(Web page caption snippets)
● ● ● ● ●

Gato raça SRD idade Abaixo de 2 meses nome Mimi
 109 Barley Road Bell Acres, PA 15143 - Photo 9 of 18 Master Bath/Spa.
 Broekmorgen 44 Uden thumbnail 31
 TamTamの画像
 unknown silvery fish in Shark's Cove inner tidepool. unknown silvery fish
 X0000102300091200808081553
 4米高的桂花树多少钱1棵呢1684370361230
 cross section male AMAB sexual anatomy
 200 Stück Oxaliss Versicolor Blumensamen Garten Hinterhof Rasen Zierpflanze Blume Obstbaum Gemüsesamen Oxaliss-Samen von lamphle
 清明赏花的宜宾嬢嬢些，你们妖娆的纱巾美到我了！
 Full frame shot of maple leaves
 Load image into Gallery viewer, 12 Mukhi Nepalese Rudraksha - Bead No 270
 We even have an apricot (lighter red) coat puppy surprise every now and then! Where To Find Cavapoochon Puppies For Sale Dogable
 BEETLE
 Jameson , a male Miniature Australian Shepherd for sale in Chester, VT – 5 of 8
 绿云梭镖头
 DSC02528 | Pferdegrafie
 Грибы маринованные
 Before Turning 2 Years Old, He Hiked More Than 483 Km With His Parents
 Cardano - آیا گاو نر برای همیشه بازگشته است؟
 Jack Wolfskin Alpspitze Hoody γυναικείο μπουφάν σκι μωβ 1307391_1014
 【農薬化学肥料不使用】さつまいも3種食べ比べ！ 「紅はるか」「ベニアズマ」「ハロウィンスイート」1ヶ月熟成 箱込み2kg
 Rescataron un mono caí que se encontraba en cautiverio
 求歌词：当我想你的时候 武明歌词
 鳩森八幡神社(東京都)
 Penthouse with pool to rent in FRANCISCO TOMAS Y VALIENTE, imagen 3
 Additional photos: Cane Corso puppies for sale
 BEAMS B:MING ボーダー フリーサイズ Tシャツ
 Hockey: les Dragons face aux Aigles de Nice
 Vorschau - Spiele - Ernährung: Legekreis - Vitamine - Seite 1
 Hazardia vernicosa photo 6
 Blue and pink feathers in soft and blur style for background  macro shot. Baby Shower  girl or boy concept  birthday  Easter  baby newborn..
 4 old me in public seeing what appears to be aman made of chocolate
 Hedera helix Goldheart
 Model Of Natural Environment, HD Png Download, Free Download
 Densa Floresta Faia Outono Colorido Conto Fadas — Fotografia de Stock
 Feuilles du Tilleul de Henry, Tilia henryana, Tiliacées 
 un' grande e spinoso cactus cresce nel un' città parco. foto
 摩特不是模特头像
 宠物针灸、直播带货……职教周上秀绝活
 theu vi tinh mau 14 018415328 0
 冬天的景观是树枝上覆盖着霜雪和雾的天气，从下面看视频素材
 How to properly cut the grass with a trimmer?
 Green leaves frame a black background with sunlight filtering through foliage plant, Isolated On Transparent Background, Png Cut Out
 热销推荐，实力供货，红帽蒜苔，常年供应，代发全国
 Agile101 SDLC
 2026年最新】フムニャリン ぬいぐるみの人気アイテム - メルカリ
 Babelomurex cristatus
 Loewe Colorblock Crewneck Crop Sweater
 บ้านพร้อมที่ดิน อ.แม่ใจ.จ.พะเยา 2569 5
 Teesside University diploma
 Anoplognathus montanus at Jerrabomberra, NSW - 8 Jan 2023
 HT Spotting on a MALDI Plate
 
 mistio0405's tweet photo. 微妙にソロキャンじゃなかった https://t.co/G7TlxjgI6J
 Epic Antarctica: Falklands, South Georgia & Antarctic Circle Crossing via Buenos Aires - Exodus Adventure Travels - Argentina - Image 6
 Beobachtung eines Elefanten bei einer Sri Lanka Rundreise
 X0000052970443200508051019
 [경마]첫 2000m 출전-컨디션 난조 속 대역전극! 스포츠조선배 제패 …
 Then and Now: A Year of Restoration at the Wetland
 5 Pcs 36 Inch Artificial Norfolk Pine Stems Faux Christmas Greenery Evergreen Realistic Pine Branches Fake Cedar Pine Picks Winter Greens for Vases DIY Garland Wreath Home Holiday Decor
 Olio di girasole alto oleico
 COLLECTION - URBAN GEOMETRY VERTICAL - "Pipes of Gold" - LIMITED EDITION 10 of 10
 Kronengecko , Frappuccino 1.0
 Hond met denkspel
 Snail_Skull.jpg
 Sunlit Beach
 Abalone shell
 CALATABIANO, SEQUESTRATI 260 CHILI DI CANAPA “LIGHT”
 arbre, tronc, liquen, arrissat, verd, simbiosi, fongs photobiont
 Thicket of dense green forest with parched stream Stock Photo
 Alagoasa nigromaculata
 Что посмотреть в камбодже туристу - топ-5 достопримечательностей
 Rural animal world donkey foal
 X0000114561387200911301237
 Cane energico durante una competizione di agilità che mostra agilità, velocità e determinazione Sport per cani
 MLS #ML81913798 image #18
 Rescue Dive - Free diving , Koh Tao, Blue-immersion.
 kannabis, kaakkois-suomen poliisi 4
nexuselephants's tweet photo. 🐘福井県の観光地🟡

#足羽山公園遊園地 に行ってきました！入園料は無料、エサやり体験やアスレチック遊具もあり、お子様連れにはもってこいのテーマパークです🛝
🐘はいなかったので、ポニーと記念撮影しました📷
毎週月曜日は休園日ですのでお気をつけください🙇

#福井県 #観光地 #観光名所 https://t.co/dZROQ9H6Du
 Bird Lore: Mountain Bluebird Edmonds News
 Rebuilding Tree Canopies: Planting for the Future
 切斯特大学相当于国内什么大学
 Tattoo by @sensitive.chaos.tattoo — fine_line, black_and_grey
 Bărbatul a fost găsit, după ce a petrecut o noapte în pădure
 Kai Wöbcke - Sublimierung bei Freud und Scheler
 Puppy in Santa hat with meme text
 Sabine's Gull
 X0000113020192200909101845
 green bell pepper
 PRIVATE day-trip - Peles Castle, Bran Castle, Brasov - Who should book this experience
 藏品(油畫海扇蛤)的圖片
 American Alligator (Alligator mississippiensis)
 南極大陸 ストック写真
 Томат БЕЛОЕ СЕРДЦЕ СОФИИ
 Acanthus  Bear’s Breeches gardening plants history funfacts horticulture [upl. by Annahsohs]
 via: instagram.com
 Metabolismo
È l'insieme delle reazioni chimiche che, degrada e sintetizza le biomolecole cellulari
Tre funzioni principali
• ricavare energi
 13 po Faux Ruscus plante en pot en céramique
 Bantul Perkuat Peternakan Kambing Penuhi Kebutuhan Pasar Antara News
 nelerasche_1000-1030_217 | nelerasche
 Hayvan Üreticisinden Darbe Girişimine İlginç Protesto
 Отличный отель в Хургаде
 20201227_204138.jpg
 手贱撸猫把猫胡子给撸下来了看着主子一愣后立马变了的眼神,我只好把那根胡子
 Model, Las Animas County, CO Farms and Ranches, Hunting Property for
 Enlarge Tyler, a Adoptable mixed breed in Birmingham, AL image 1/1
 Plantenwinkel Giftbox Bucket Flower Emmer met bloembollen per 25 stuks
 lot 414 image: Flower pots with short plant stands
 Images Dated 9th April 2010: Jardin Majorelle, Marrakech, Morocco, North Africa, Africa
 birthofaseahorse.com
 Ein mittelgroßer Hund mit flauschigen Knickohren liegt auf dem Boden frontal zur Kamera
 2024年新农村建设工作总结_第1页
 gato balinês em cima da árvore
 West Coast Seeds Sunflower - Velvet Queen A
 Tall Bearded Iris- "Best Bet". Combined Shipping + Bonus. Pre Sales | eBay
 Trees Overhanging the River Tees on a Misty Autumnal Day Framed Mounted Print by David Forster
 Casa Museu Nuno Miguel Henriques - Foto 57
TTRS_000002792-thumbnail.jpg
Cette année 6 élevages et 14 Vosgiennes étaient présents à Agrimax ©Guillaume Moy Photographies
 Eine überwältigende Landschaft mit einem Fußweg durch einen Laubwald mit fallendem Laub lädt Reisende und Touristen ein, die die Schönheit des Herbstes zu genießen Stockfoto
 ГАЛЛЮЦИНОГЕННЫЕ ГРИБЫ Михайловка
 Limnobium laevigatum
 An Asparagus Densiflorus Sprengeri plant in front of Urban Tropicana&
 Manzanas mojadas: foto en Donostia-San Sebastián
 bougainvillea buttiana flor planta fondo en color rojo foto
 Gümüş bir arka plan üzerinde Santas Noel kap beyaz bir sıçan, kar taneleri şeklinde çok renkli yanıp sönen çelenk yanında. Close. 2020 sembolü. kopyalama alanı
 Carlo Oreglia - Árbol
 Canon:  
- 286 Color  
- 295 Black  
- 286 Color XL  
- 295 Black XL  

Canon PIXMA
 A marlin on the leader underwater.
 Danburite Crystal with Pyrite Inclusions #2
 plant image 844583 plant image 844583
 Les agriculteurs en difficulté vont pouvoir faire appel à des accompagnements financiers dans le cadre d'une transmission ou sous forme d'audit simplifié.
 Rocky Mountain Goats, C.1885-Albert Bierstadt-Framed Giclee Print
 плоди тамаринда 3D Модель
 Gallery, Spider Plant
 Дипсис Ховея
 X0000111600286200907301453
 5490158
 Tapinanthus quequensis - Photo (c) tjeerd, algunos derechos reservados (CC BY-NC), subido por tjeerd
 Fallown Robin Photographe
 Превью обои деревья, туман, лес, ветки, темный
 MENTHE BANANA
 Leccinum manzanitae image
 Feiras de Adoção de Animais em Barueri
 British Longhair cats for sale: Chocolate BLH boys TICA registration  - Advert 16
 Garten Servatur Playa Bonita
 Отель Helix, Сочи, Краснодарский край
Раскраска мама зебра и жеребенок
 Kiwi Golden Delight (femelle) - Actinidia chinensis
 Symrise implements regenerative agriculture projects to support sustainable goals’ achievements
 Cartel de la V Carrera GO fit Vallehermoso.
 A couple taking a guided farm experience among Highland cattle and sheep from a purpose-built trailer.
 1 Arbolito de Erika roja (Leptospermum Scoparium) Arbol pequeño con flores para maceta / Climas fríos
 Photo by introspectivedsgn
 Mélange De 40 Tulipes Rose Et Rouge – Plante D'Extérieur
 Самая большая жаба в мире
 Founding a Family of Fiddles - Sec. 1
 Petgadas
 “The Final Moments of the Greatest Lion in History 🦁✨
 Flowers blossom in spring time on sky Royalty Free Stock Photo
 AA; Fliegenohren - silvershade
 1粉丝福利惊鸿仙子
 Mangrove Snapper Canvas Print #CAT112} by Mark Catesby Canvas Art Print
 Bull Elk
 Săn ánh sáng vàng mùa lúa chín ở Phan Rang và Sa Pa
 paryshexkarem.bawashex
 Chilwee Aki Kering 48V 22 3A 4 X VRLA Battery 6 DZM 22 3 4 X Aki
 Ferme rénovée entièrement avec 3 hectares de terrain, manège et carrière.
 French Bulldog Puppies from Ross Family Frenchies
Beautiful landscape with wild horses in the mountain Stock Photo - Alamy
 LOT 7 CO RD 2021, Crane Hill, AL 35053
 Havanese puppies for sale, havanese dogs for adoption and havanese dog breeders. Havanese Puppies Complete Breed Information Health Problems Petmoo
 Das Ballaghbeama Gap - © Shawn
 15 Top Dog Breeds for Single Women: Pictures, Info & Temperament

● ● ● ● ●

An exact repeat of the lines from the one containing "Cartel de la V Carrera GO fit Vallehermoso." through the final line of the entries is the whole answer.

# RESULT BELOW
 Cartel de la V Carrera GO fit Vallehermoso.
 A couple taking a guided farm experience among Highland cattle and sheep from a purpose-built trailer.
 1 Arbolito de Erika roja (Leptospermum Scoparium) Arbol pequeño con flores para maceta / Climas fríos
 Photo by introspectivedsgn
 Mélange De 40 Tulipes Rose Et Rouge – Plante D'Extérieur
 Самая большая жаба в мире
 Founding a Family of Fiddles - Sec. 1
 Petgadas
 “The Final Moments of the Greatest Lion in History 🦁✨
 Flowers blossom in spring time on sky Royalty Free Stock Photo
 AA; Fliegenohren - silvershade
 1粉丝福利惊鸿仙子
 Mangrove Snapper Canvas Print #CAT112} by Mark Catesby Canvas Art Print
 Bull Elk
 Săn ánh sáng vàng mùa lúa chín ở Phan Rang và Sa Pa
 paryshexkarem.bawashex
 Chilwee Aki Kering 48V 22 3A 4 X VRLA Battery 6 DZM 22 3 4 X Aki
 Ferme rénovée entièrement avec 3 hectares de terrain, manège et carrière.
 French Bulldog Puppies from Ross Family Frenchies
Beautiful landscape with wild horses in the mountain Stock Photo - Alamy
 LOT 7 CO RD 2021, Crane Hill, AL 35053
 Havanese puppies for sale, havanese dogs for adoption and havanese dog breeders. Havanese Puppies Complete Breed Information Health Problems Petmoo
 Das Ballaghbeama Gap - © Shawn
 15 Top Dog Breeds for Single Women: Pictures, Info & Temperament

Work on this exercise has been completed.